Griffiths was educated at the City of London School and attended New College, Oxford on an open scholarship, taking a first-class BA in modern history and modern languages in 1984 which was promoted to an MA in 1988. After his undergraduate studies, he completed a graduate diploma in law at City University in 1985 and his vocational barrister training at the Inns of Court School of Law.

He was called to the bar at Inner Temple in 1986; he volunteered at Waterloo Legal Advice Service from 1988 to 1993. In practice, he specialised in commercial law and practised from Essex Court Chambers. He took silk in 2006, served as a recorder from 2009 to 2019, and was appointed a deputy High Court judge in 2016. He was a member of the Bar Council from 2008 to 2015.

On 1 October 2019, Griffiths was appointed a judge of the High Court and assigned to the Queen's Bench Division, replacing Dame Nicola Davies who was promoted to the Court of Appeal. He took the customary knighthood in the same year. Since 2022, he has been Presiding Judge of the Wales circuit, succeeding Sir Simon Picken.

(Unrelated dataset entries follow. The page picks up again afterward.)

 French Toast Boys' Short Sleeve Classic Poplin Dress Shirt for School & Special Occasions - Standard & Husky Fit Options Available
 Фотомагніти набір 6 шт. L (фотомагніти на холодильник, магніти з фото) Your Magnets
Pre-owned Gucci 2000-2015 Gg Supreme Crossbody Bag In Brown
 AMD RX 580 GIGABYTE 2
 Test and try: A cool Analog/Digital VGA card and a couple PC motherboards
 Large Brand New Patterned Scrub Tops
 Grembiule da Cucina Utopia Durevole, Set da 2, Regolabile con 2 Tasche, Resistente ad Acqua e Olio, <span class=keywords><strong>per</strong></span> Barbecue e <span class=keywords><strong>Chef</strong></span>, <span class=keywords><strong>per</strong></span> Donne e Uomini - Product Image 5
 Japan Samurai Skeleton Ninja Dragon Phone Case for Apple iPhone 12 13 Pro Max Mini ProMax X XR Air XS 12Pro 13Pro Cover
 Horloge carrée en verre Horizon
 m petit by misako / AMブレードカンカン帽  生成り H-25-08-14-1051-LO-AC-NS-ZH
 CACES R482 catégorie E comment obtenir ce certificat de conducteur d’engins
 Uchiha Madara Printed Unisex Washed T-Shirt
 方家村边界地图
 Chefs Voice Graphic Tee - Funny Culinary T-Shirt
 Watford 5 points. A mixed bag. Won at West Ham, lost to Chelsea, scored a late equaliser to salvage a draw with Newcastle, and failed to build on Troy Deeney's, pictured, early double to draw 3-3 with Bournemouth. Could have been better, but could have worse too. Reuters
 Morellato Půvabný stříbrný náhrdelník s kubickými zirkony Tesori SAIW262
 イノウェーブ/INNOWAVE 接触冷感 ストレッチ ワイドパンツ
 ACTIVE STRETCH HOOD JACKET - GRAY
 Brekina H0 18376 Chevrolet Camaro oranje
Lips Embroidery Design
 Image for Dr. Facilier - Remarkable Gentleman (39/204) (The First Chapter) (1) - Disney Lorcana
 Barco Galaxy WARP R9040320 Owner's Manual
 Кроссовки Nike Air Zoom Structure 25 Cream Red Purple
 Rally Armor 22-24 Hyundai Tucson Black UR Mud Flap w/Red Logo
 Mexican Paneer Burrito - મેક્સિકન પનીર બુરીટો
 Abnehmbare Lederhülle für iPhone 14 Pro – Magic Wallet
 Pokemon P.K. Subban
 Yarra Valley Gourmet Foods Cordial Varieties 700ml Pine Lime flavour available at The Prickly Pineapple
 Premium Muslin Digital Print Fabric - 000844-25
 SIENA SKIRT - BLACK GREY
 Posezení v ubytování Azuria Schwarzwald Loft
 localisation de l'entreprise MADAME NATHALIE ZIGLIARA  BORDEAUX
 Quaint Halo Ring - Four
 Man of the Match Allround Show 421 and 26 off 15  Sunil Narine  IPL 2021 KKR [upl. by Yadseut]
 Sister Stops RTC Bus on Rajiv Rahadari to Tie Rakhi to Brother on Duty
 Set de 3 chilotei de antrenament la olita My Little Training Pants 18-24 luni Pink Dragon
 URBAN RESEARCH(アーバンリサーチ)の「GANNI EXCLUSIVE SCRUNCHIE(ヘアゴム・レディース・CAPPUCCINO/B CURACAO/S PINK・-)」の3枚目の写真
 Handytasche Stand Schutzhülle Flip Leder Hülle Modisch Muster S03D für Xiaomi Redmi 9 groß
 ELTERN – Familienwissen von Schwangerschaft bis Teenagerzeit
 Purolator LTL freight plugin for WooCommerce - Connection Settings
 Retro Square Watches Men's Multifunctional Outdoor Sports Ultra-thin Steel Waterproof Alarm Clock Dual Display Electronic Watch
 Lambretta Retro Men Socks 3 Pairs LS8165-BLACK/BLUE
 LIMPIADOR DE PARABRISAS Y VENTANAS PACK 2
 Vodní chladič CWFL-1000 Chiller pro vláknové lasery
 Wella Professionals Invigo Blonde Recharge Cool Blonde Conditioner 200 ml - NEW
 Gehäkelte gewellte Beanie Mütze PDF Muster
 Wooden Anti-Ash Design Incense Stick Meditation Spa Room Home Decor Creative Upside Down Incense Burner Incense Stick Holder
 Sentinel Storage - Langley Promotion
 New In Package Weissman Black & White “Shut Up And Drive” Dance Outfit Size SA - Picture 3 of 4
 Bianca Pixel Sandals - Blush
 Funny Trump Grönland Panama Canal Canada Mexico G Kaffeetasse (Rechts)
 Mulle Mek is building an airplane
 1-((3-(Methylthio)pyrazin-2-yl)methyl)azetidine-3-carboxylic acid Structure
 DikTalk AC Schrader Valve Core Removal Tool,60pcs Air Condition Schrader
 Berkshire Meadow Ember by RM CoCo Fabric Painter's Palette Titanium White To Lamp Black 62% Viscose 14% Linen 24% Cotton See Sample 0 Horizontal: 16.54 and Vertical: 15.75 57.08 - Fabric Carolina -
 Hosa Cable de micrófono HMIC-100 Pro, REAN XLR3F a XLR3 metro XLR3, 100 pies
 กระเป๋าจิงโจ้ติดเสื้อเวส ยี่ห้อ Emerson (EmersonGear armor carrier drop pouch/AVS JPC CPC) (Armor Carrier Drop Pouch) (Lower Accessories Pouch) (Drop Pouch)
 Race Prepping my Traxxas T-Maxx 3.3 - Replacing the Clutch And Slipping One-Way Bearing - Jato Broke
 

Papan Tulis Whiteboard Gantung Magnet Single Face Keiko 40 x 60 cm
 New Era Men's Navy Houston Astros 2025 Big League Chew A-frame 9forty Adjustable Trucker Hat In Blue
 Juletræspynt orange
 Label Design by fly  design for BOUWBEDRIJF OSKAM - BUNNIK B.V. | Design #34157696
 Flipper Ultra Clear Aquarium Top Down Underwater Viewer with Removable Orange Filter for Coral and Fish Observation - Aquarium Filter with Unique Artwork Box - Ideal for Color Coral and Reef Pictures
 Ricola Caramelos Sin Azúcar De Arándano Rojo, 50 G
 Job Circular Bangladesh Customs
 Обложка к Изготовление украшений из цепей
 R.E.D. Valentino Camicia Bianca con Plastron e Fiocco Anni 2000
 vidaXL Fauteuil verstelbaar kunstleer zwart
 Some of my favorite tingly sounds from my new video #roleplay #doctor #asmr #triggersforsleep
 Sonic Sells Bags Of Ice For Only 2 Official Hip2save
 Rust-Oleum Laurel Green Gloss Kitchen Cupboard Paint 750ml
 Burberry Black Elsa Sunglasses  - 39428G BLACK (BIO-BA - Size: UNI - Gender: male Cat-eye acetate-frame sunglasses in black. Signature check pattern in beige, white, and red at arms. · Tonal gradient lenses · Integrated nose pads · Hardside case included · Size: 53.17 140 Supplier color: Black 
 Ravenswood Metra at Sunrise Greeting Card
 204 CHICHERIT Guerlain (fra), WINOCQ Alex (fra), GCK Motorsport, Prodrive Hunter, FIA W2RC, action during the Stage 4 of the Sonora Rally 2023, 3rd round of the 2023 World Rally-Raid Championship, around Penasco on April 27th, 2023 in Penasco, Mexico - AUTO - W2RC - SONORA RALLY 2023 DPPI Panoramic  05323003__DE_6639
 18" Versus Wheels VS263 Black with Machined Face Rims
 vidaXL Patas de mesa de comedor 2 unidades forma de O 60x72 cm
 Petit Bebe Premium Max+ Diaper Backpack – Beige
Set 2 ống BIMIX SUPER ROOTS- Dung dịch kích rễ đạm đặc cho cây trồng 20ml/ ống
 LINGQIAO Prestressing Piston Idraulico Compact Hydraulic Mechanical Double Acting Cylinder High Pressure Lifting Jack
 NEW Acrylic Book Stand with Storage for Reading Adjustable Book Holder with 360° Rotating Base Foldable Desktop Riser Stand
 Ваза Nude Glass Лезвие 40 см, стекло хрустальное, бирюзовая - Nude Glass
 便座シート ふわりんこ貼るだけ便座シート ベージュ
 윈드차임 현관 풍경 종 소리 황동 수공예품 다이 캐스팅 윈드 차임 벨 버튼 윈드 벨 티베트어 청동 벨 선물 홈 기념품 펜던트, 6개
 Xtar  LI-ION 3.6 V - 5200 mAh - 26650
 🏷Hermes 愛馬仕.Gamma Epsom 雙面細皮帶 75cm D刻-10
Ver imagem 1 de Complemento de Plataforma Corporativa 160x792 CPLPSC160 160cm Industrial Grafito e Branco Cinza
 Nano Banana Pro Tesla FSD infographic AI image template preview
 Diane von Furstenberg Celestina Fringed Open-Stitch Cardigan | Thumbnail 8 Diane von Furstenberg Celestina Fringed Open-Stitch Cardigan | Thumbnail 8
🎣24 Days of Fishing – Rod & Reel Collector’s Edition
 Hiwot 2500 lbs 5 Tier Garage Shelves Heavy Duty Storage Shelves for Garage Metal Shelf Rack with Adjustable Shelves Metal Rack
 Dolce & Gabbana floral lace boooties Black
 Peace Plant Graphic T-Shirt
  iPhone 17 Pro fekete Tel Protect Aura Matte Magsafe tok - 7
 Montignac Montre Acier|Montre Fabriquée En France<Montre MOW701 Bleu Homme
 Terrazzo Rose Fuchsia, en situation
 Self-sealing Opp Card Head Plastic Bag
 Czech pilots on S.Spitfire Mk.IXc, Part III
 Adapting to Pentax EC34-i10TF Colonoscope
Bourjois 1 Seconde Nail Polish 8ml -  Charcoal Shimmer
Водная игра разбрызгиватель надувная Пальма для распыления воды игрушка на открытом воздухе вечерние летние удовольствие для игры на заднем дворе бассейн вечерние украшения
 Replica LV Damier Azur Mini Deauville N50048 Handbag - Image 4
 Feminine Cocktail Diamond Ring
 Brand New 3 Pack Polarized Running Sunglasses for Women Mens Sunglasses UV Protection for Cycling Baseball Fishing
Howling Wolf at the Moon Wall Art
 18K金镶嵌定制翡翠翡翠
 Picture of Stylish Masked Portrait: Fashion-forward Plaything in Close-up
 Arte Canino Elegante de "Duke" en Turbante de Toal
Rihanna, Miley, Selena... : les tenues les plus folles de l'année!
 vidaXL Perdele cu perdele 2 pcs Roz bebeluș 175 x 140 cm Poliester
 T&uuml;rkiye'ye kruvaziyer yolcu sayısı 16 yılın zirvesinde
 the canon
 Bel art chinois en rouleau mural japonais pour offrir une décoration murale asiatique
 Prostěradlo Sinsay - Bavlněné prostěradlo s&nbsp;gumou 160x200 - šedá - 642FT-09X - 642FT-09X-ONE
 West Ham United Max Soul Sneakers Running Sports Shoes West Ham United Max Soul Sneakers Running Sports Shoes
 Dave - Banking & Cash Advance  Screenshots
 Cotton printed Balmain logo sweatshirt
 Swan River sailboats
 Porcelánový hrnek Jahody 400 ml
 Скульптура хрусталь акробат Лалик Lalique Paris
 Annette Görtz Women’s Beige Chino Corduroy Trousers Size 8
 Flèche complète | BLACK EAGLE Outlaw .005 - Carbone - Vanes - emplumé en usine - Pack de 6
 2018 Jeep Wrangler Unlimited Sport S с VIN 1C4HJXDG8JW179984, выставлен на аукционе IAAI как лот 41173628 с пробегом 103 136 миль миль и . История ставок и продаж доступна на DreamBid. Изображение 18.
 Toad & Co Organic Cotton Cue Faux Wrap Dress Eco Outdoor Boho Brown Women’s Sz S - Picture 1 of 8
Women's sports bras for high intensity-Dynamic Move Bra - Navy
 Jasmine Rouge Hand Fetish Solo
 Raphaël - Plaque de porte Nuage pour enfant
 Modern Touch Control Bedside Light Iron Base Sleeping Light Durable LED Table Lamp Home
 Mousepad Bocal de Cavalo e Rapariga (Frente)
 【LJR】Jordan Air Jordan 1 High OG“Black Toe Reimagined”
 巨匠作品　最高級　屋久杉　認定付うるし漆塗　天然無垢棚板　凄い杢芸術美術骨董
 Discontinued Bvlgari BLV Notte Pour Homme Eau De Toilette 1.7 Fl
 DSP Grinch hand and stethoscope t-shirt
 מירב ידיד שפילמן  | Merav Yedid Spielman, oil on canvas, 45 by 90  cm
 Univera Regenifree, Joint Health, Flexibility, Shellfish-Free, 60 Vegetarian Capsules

In 1995, he married Susan Burden (a barrister), with whom he has two sons and a daughter. He is multilingual and speaks French and Italian.

In 2023, he was cited in a Tax Avoidance scheme by HMRC along with 3 other senior judges, since 2011 he has been an investor in Cobalt Data Centre 2 LLP scheme, which involved enterprise zone tax credits and promised an immediate 67 per cent tax profit to investors.